No passado dia 29 de setembro, foi publicado no site da CNN Portugal um artigo respeitante ao DCIAP (órgão de investigação inserido na PGR), relatando factos concretos sobre o seu funcionamento que – a serem verdadeiros – deveriam merecer uma profunda reflexão.
O texto de António José Vilela – ao contrário do rio de insinuações sempre repetidas quando, por necessidade de protagonismo, alguns abordam um certo processo mediático – evidencia um conjunto de problemas deveras sérios.
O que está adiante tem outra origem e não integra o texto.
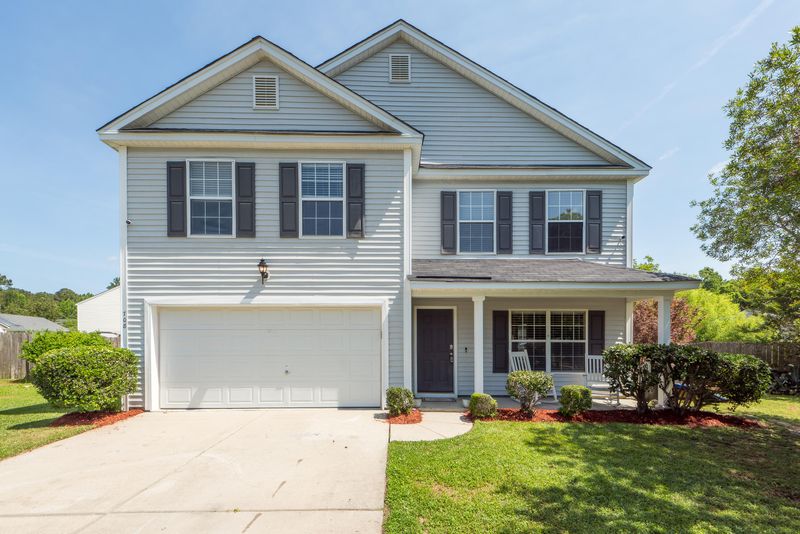 708 Resinwood Rd, Moncks Corner, SC 29461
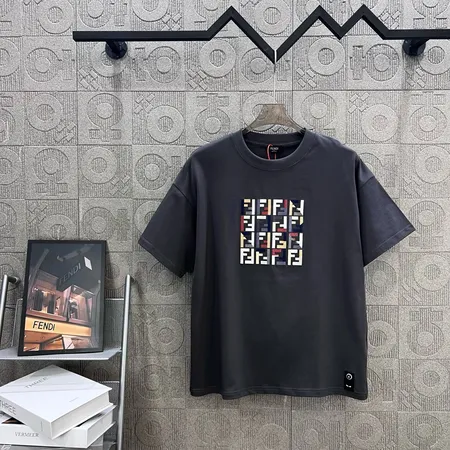 フェンディ Tシャツ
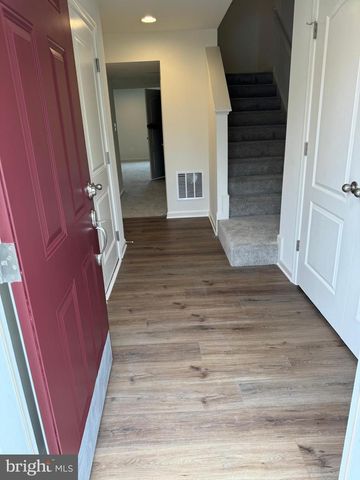 120 TUXFORD RD, Falling Waters, WV 25419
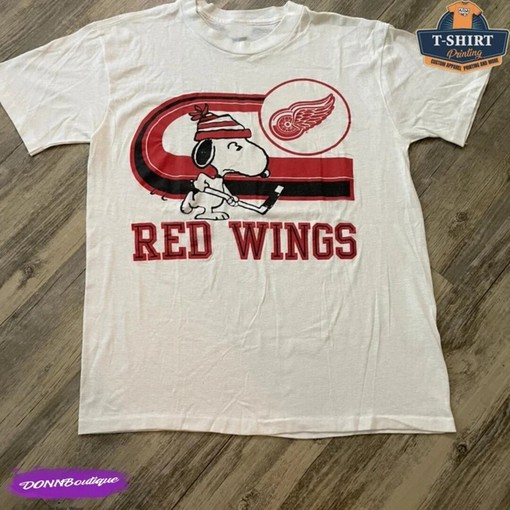 Vintage NHL Detroit Red Wings Snoopy T-Shirt, Unisex Shirt Sweatshirt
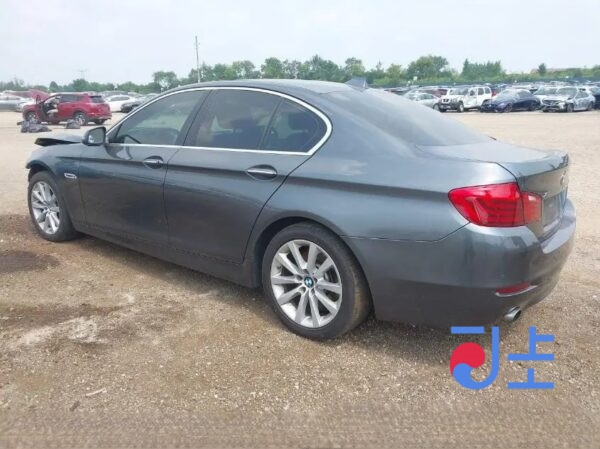 2014 BMW 5-Series 520d xDrive Gray — WBA5B9100ED570404 - Image 3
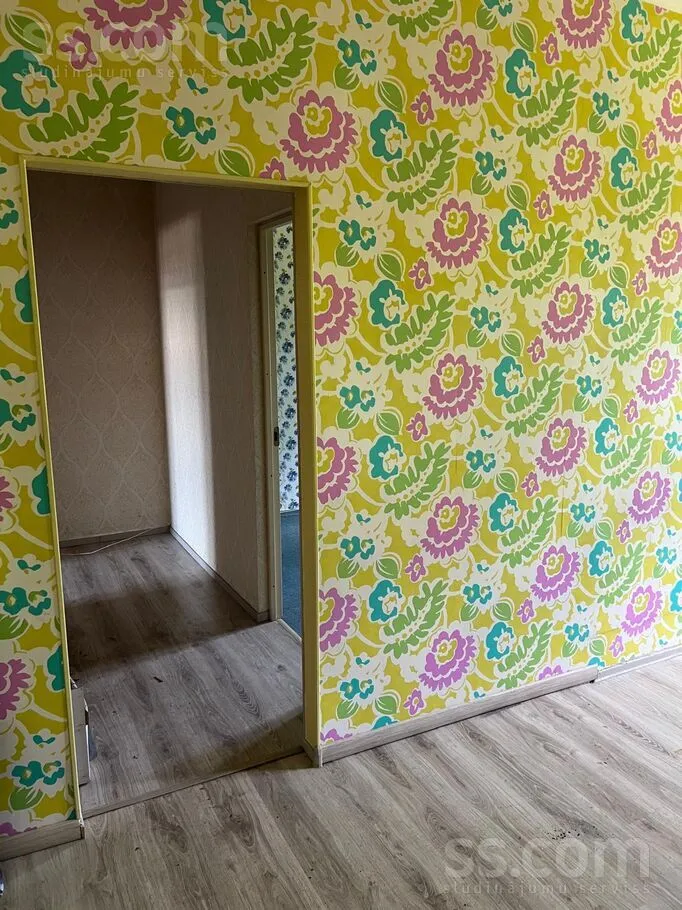 Toad - Flat with Private Garden in Šampēteris-Pleskodāle, Riga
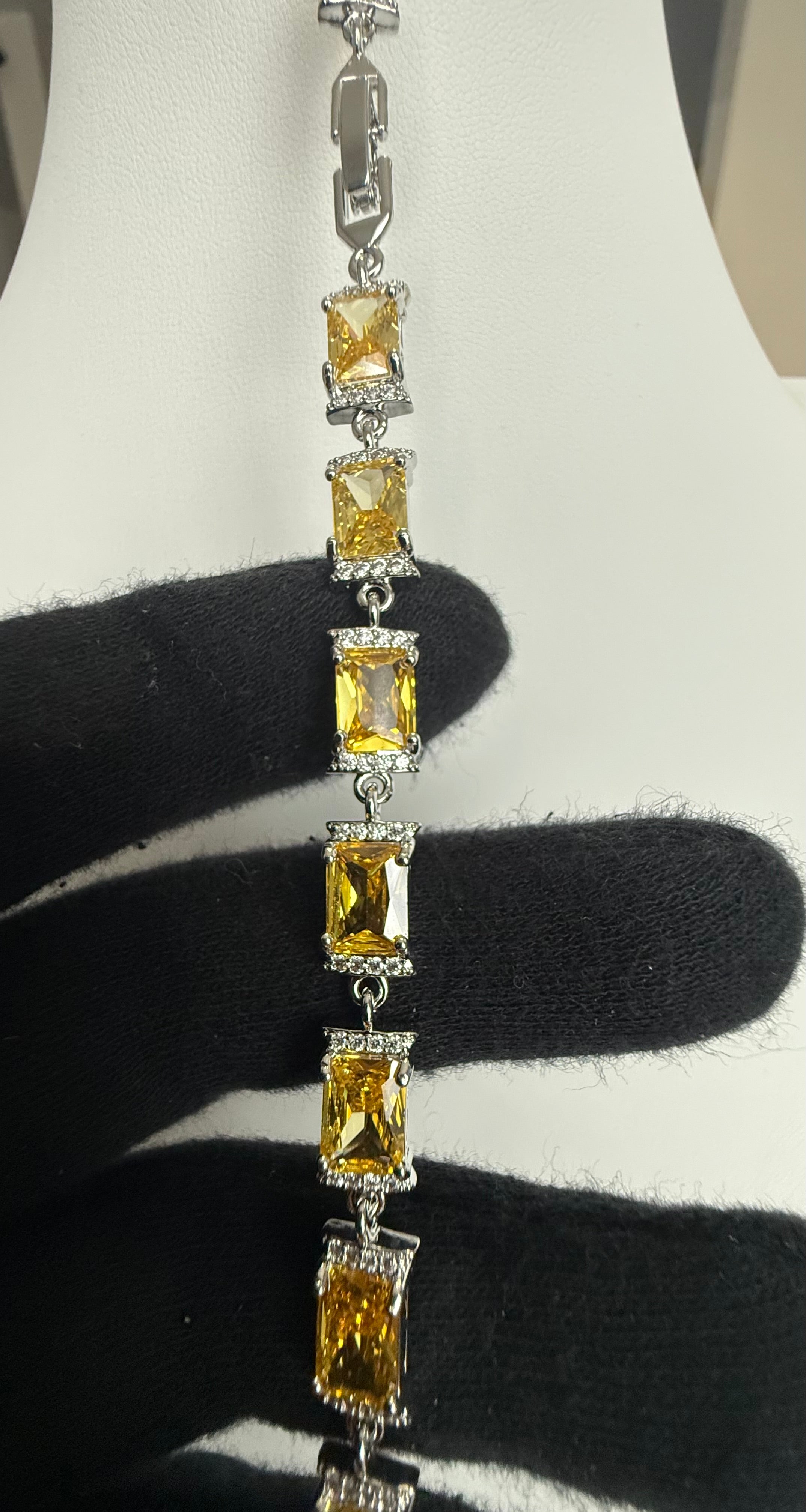 Golden Yellow Emerald-Cut Crystal Link Bracelet – Silver-Tone Statement Bracelet for Women 7127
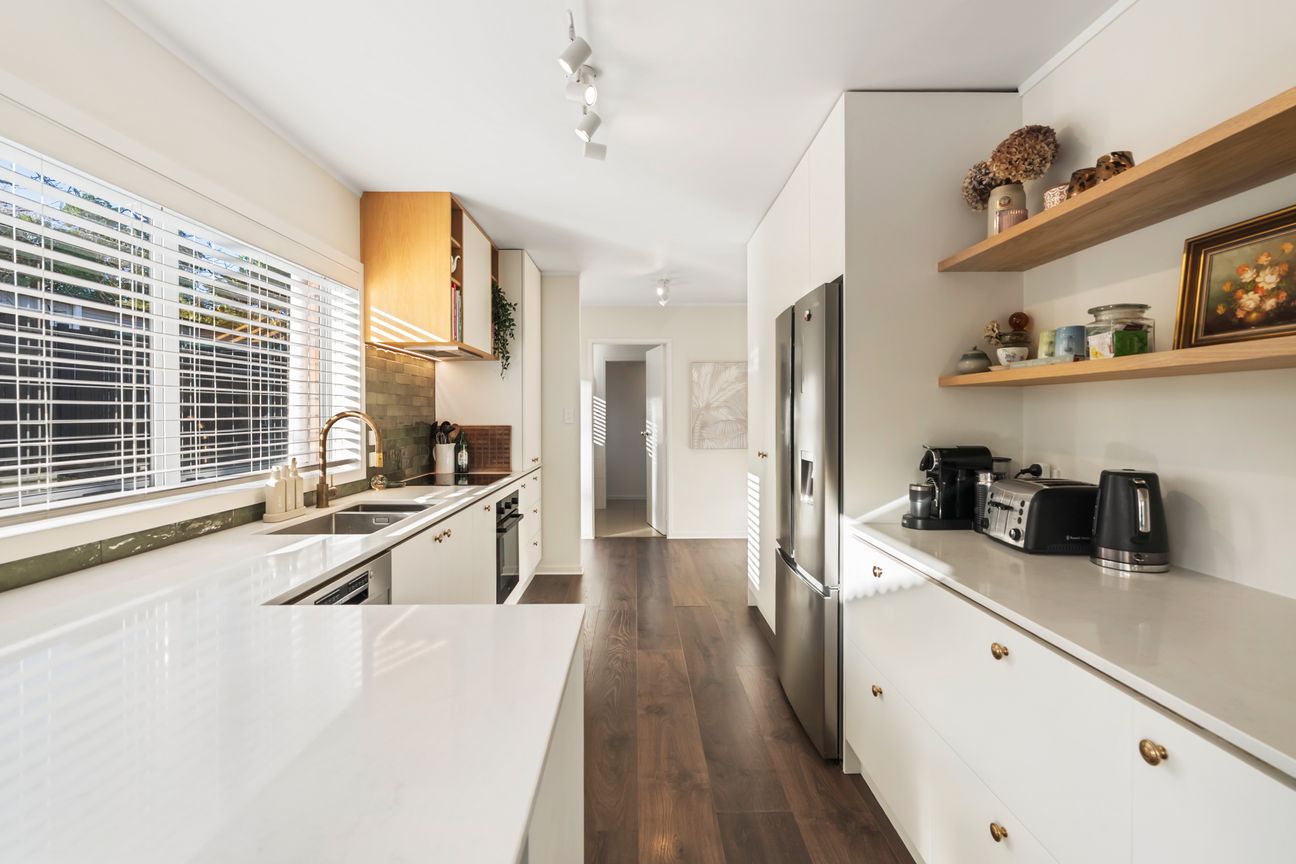 House in Papakura, Waiata Shores, Conifer Grove - View 3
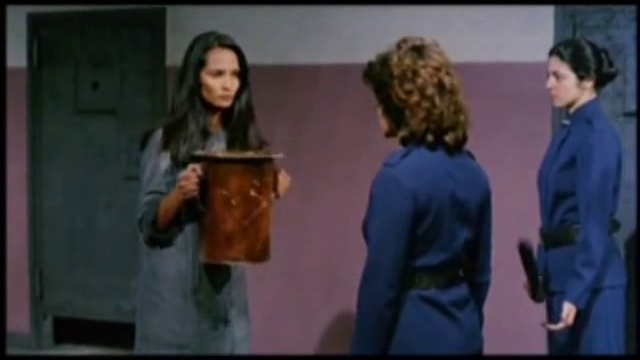 Violenza in un carcere femminile смотреть онлайн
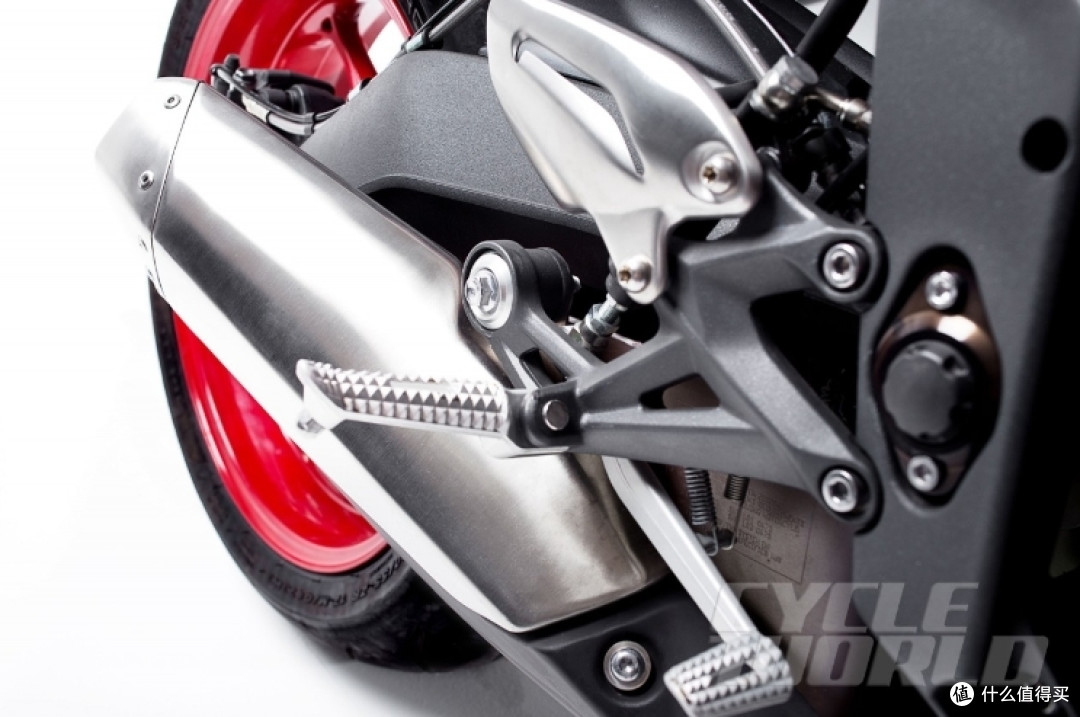 ‌凯旋Triumph Street Triple RX摩托车：性能与风格的完美结合‌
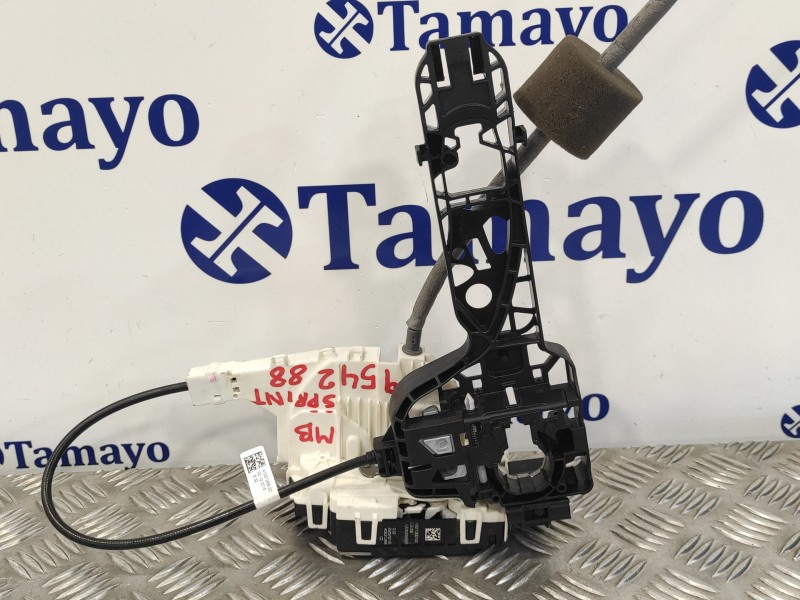 Recambio de cerradura puerta delantera izquierda para mercedes-benz sprinter iii furgón fwd referencia OEM IAM A9077200100 40631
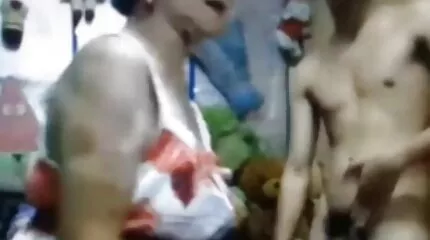 เย็ดสาวหุ่นเพรียวหีแฉะ วีดีโอ โป้ ฝรั่ง
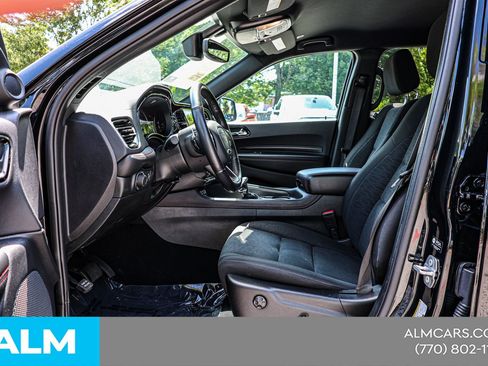 Used 2025 Dodge Durango GT RWD image 17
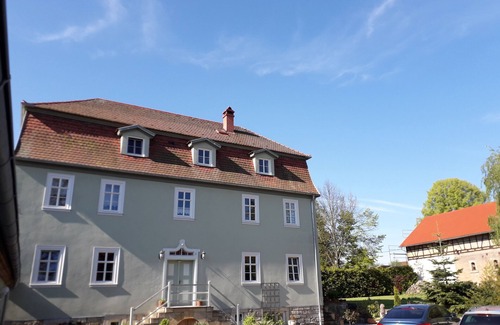 Bosleben-Wullersleben Apartment | Unique apartment in Chalet Bösleben, a fully ecologically renovated monument
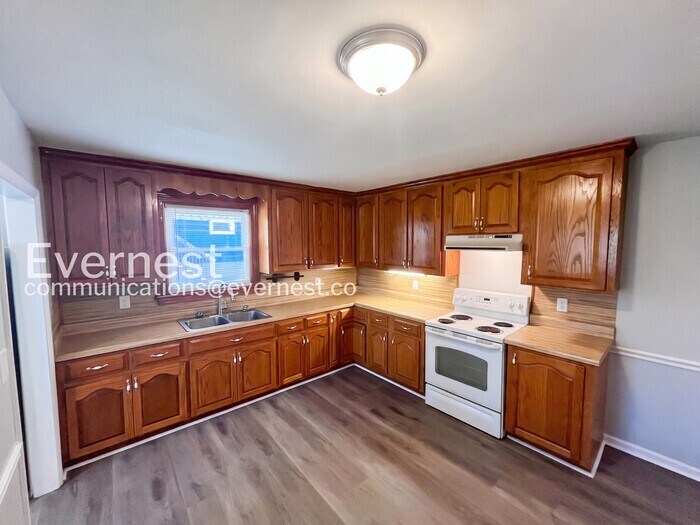 Building Photo - 149 Dellway Dr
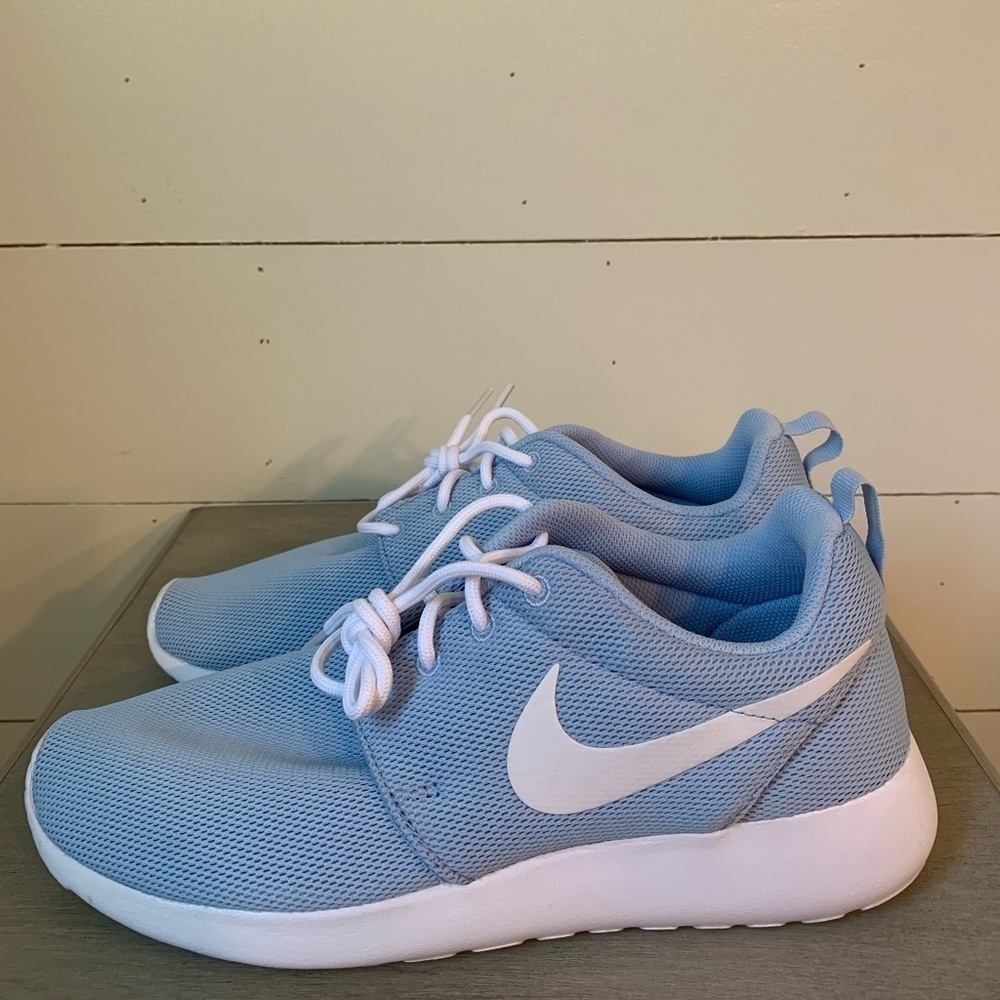Nike Roshe One Royal Tint White Football Grey 844994-407 Size 8.5 Pale Blue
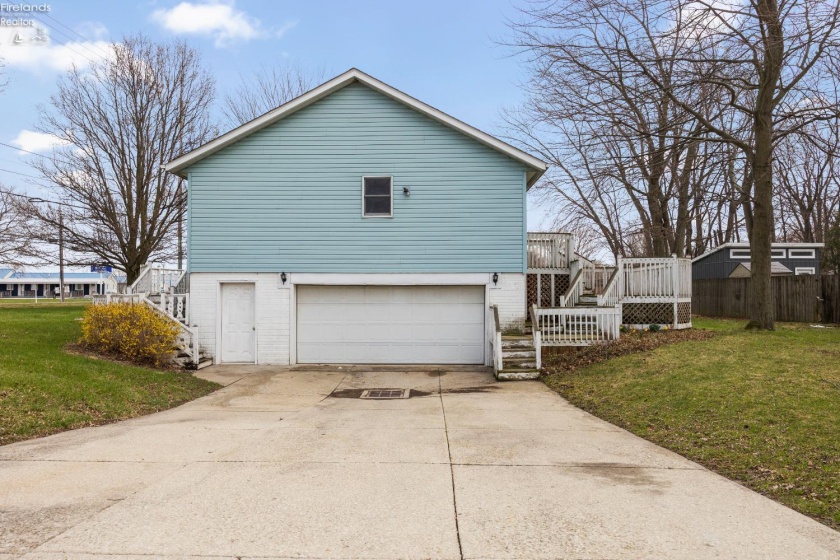 402 Snow Court, Sandusky, 44870, 3 Bedrooms Bedrooms, ,2 BathroomsBathrooms,Residential,For Sale,Snow,20261079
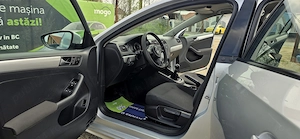 Vw Jetta an 2012 motor 1600 cm3 diesel 105 c,p euro 5 Navi clima Garantie  - imagine 5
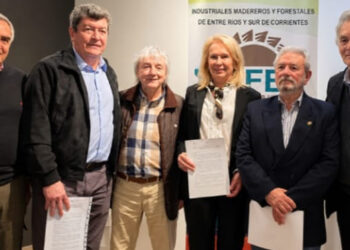 La provincia firmó un convenio para impulsar la construcción de viviendas con madera en Entre Ríos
A saber:
• Um número significativo de inquéritos que ali se arrastam há dez anos ou mais.
• Um conceito de ‘segredo de justiça’ que se projeta para além do arquivamento dos processos.
• Bloqueio no acesso à informação sobre o destino dado a alguns processos e suas motivações.
• Impossibilidade de análise crítica sobre a atividade e a produtividade do referido organismo: 10 acusações, apenas em 2024 (?).
Em conversa com alguns procuradores, chamei a atenção para a importância real daquele texto.
Tal artigo deveria, sem mais, determinar uma imediata avaliação dos procedimentos levados a cabo em tal organismo.
Não se confirmando o que nele se diz, impor-se-ia, então, um esclarecimento público e cabal sobre as importantes questões ali suscitadas.
Para meu espanto, não foi, contudo, o teor da alegada resposta desse departamento às questões suscitadas pelo jornalista que mais preocupou alguns dos meus interlocutores.
Deparei, sim, atónito, com algumas muito dogmáticas justificações jurídico-processuais do alegado procedimento.
Algumas das questões suscitadas – duração desmesurada de alguns inquéritos sensíveis e impossibilidade de controle dos fundamentos dos despachos de arquivamento de outros – deveriam originar, acreditava eu, da parte dos magistrados, designadamente dos que integram o CSMP, um sobressalto cívico e um pedido de imediato esclarecimento sobre a verdade e a razão de ser de tais situações.
Vejamos!
Haverá ou não – como creio existirem – outras leituras da lei mais condicentes com o necessário equilíbrio entre os diferentes direitos fundamentais vertidos na Constituição e o sentido das normas do Código de Processo Penal?
Na medida em que impede o controle externo da atuação do MP, o entendimento jurídico, alegadamente seguido em tal departamento, põe ou não em causa a coerência do nosso sistema processual penal?
Preocupa-me, pois, o limitado e algo cândido, olhar ‘autopoiético’ que, sobre a matéria, os meus interlocutores evidenciaram.
Em que mundo abstrato e autorreferencial viveram e foram eles educados?
Para que servem, afinal, hoje, as Faculdades de Direito e o CEJ?
Terão estas escolas enveredado – como acontece já em outros países europeus – por formar, sobretudo, agentes técnicos de direito especializados em resolver somente problemas específicos?
Terão tais magistrados a noção de que o que está em causa é a imperiosa congruência entre o funcionamento dos instrumentos políticos próprios da Democracia e os instrumentos jurídicos do Estado de Direito, logo o papel da Lei e do Direito num regime democrático?
Ignorar ou descurar o ângulo político da questão, contribui apenas – como já está a acontecer em outros países ocidentais – para deslegitimar e, depois, instrumentalizar as instituições do Estado de Direito e, entre elas, as da Justiça que, precisamente, deveria, neste momento conturbado do mundo, assegurar, com o maior rigor, isenção e serenidade, os direitos, liberdades e garantias de todos, mas todos, os cidadãos.